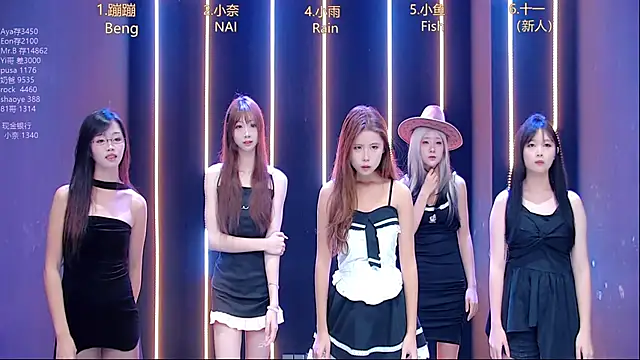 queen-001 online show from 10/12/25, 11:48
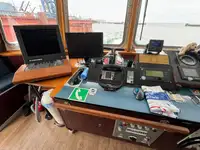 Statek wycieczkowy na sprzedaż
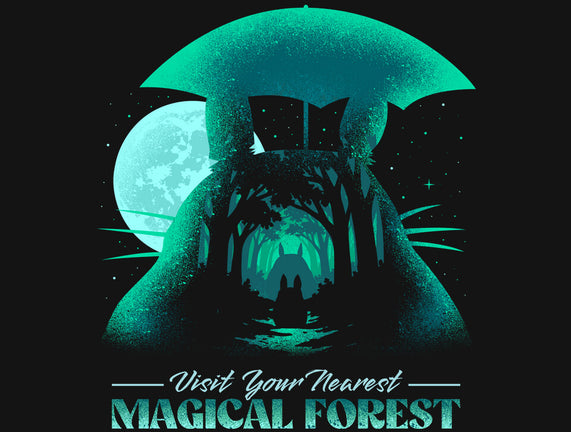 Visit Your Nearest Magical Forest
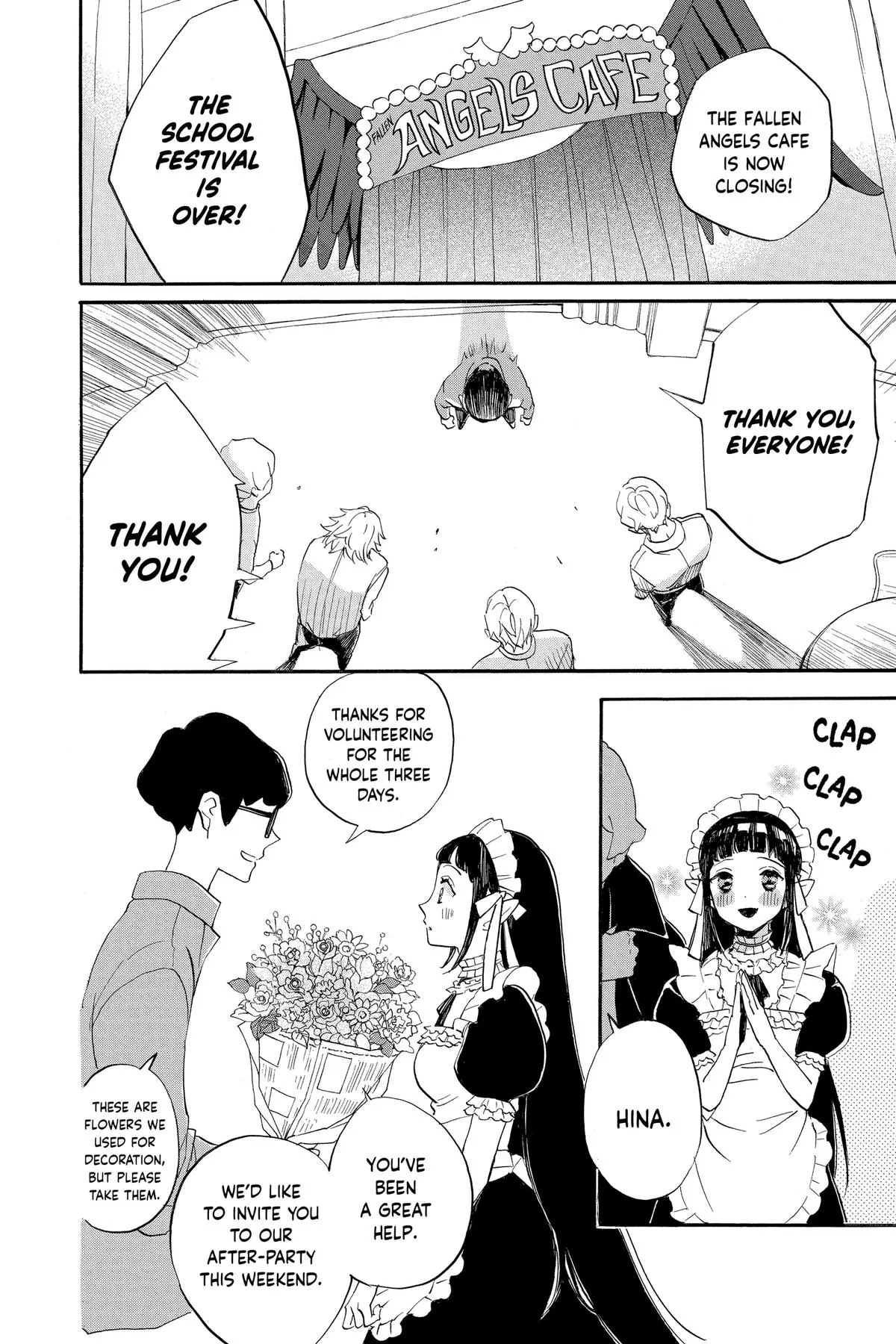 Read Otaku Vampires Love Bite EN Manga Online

---

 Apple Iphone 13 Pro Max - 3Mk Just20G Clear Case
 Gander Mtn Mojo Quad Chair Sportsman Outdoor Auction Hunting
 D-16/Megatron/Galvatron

* _YOUR TASK_
Print the line above containing "queen-001 online show from 10/12/25, 11:48", the line containing "Read Otaku Vampires", and everything between them, exactly as written. Pictures stay out.

* _ANSWER FOR THIS EXERCISE_
 queen-001 online show from 10/12/25, 11:48
 Statek wycieczkowy na sprzedaż
 Visit Your Nearest Magical Forest
 Read Otaku Vampires Love Bite EN Manga Online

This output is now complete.